As we reported previously, the U.S. Department of the Interior (Department) issued a letter on August 6, indicating it had declined to take action regarding Florida’s state-tribal gaming compact (the Compact) within the 45-day window prescribed under the Indian Gaming Regulatory Act (IGRA). As a result, the Compact is “considered to have been approved” by operation of law. On August 16, two Florida-based gaming operators filed a lawsuit seeking to vacate the Department’s decision. If the Department can overcome this legal challenge, its August 6 decision will likely inspire tribal-state gaming expansion in other states.
THE DEPARTMENT’S DECISION
In the August 6 letter, the Department asserts that the Seminole Tribe’s (Tribe) “hub and spoke” sports betting model (whereby servers located on tribal land act as the “hub” for bets placed throughout the state) does not violate the provision in the IGRA that limits gaming to tribal lands because it is explicitly authorized under both the Compact and state law. In reaching this conclusion, the Department points out that the IGRA expressly provides that a tribe and state government shall negotiate the parameters for tribal gaming. The Department notes further that “[w]hen developing IGRA’s framework for tribal-state compacts, Congress stressed the importance of tribes and states engaging in dialogue over how best to achieve tribal gaming’s ‘mutual benefits.” The Department also stresses that the IGRA “should not be an impediment to tribes that seek to modernize their gaming offerings” and asserts the Compact’s mobile betting terms align with the policy goals of IGRA to “promote tribal economic development while ensuring regulatory control of Indian gaming.”
The Department’s decision sends a clear message to states interested in taking a similar route to legalizing online betting: as long as the proposed framework has been explicitly authorized under both a tribal-state compact and state law, the Department is unlikely to interfere.
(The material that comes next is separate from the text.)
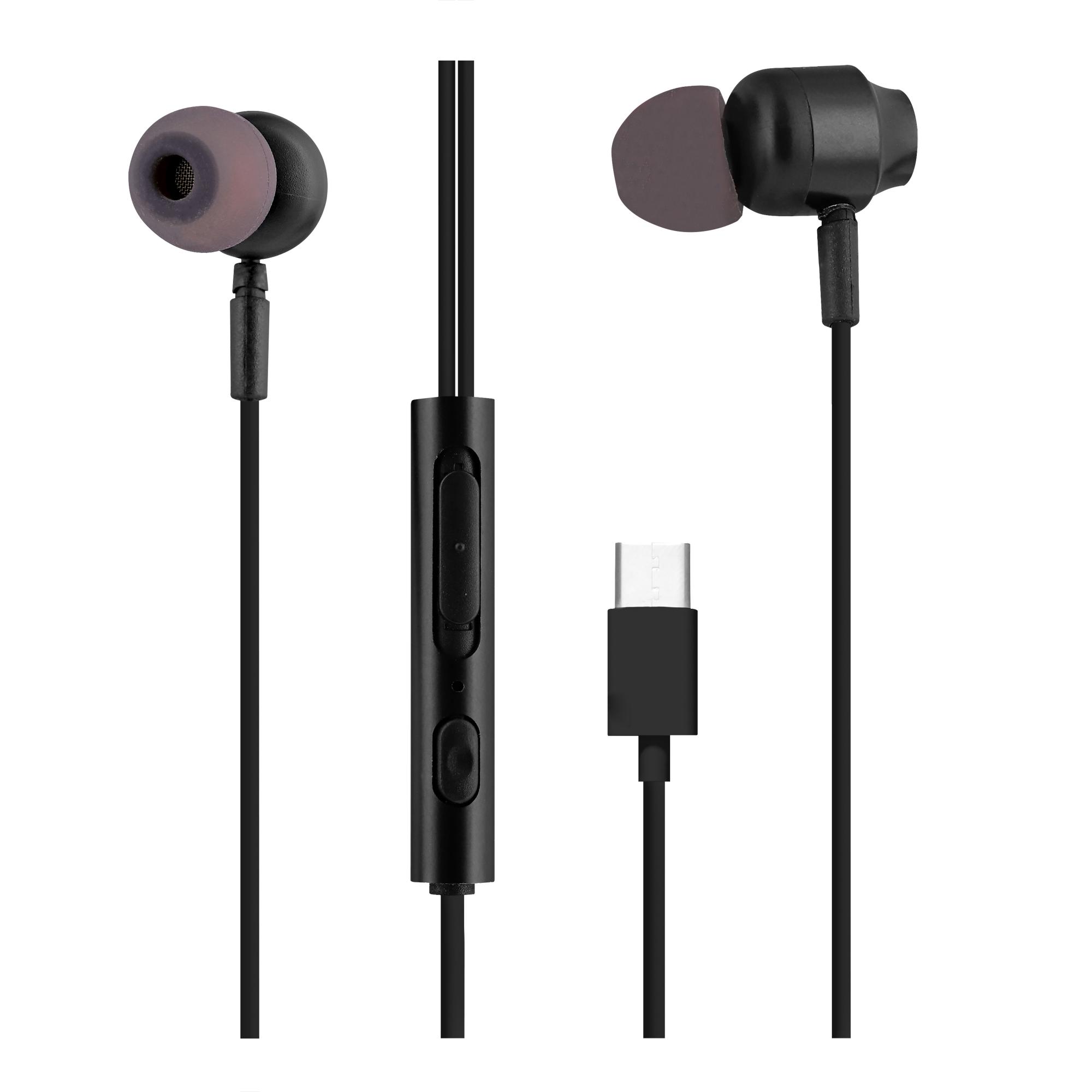 Tnb C-Buds - Tipo C digitales de botón - negro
The Department’s refusal to “read restrictions into the IGRA that do not exist” signals an intent to take a more “hands-off” approach to tribal gaming expansion moving forward, giving state governments and federally-recognized tribes the space to decide how modern tribal gaming operations in their state should look.
PENDING LEGAL CHALLENGE
On August 16, two Florida-based gaming operators initiated a lawsuit seeking to vacate the Department’s decision. In the complaint, the operators allege three grounds for vacatur. They argue first that by approving the Compact’s “hub and spoke” betting model, the Department exceeded their authority under the IGRA, which only allows the Department to approve state-tribal gaming compacts “to the extent they concern ‘gaming on tribal lands.’” They assert that because the Compact “authorizes Internet gambling throughout the state of Florida,” it does not merely concern “gaming on tribal land.”
Next, the operators argue the Compact violates the Federal Wire Act and the Unlawful Internet Gambling Enforcement Act because it permits internet and bank wire transmissions relating to sports betting between the Tribe’s reservations and the rest of Florida, where sports betting is otherwise illegal.
Finally, the operators argue the Compact violates the Fifth Amendment’s guarantee of equal protection because it grants the Tribe a statewide monopoly over internet sports gambling throughout Florida “even as it remains a serious criminal offense for anyone else” to conduct sports betting operations.
We will monitor the progress of the pending lawsuit against the Department and provide further analysis of any significant developments.